Alexis, fragment 222 Kassel-Austin = 219 Kock (from his play The Tarentines; tr. Charles Burton Gulick, slightly revised, with his note):
We are doing none of our neighbours any harm. Don't you know that what, to amuse ourselves, we call "life" is but a name, a coaxing flattery of our human lot? Whether anybody will say that my judgement is good or bad I cannot tell you; but this, at least, I have made up my mind to on careful study: that all the doings of men are out-and-out crazy, and that we who for the time being are alive are only getting an outing, as though let loosea from death and darkness to keep holiday, to amuse ourselves and to enjoy this light which we can see. And the man who laughs and drinks the most, and holds fast to Aphrodite, during the time he is set free, and to such gifts as Fortune offers, after he has had a most pleasant holiday can depart for home.

a i.e. set free to enjoy a vacation; ἀποδημίας and πανήγυριν suggest the practice of going abroad to attend a great national festival. What Fortune offers is a contribution to the picnic (ἔρανος).
Here is an anonymous verse rendering of the same, from "A Glance at the Noctes of Athenaeus," Blackwood's Edinburgh Magazine No. CCXXVII, Vol. XXXVI (October, 1834) 431-457 (at 457):
Do you not know that by the term call'd life,
We mean to give a softer tone to ills
That man is heir to? Whether I judge right
Or wrong in this, I'll not presume to say—
Having reflected long and seriously,
To this conclusion I am brought at last,
That universal folly governs all;
For in this little life of ours, we seem
As strangers that have left their native home.

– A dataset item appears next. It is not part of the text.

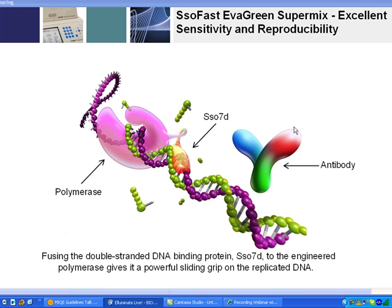And of course, as with all supermixes from Bio-Rad, it's antibody-inhibited, so it's a hot-start Taq, which allows you to work with it at your bench to prepare your samples.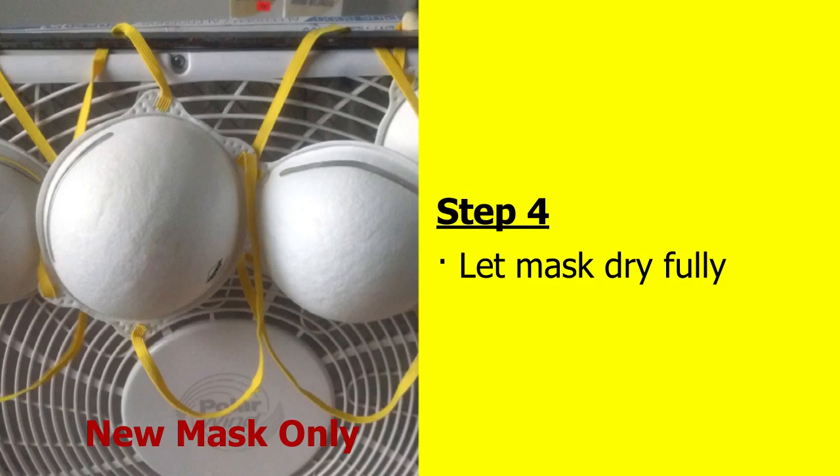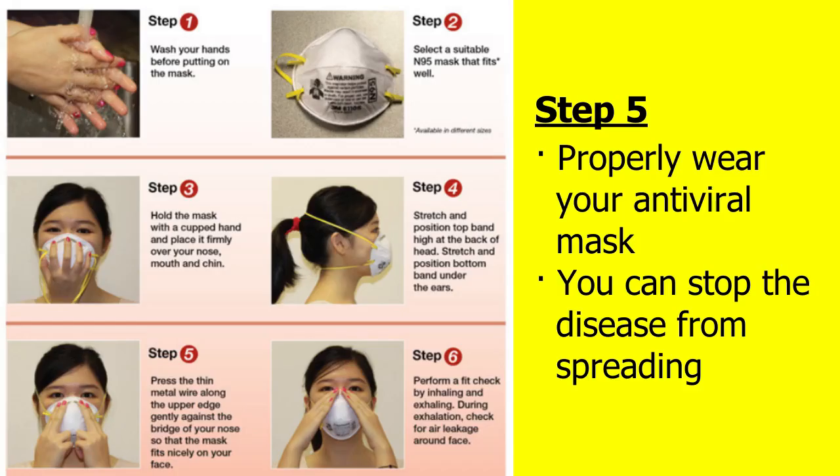But never do this with a used mask — that can spread viruses. Once your mask is fully dried, properly wear your antiviral mask. In between uses, let your mask dry in a warm place. If properly cared for, it should last for two or more weeks.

We make our first appearance from the realms
Of death and darkness, and emerge to light,
And join th' assembly of our fellow-men—
They who enjoy themselves the most, and drink,
And laugh, and banish care, or pass the day
In the soft blandishments of love, and leave
No joy untasted, no delight untried
That innocence and virtue may approve,
And this gay festival afford, depart
Cheerful, like guests contented, to their home.
The Greek:
                                                οἳ τῶν πέλας
οὐδέν᾽ ἀδικοῦμεν οὐδέν. ἆρ᾽ οὐκ οἶσθ᾽ ὅτι
τὸ καλούμενον ζῆν τοῦτο διατριβῆς χάριν
ὄνομ᾽ ἐστίν, ὑποκόρισμα τῆς ἀνθρωπίνης
μοίρας; ἐγὼ γάρ, εἰ μὲν εὖ τις ἢ κακῶς
φήσει με κρίνειν, οὐκ ἔχοιμ᾽ ἄν σοι φράσαι·
ἔγνωκα δ᾽ οὖν οὕτως ἐπισκοπούμενος
εἶναι μανιώδη πάντα τἀνθρώπων ὅλως,
ἀποδημίας δὲ τυγχάνειν ἡμᾶς ἀεὶ
τοὺς ζῶντας, ὥσπερ εἰς πανήγυρίν τινα
ἀφειμένους ἐκ τοῦ θανάτου καὶ τοῦ σκότους
εἰς τὴν διατριβὴν εἰς τὸ φῶς τε τοῦθ᾽ ὃ δὴ
ὁρῶμεν. ὃς δ᾽ ἂν πλεῖστα γελάσῃ καὶ πίῃ
καὶ τῆς Ἀφροδίτης ἀντιλάβηται τὸν χρόνον
τοῦτον ὃν ἀφεῖται, καὶ Τύχης ἐράνου τινός,
πανηγυρίσας ἥδιστ᾽ ἀπῆλθεν οἴκαδε.
I don't have access to the Greek text in Rudolf Kassel and Colin Austin, edd., Poetae Comici Graeci, Vol. II (Berlin: De Gruyter, 1991), or to the notes on this fragment by W. Geoffrey Arnott in Alexis, The Fragments: A Commentary (Cambridge: Cambridge University Press, 1996), pp. 624-635.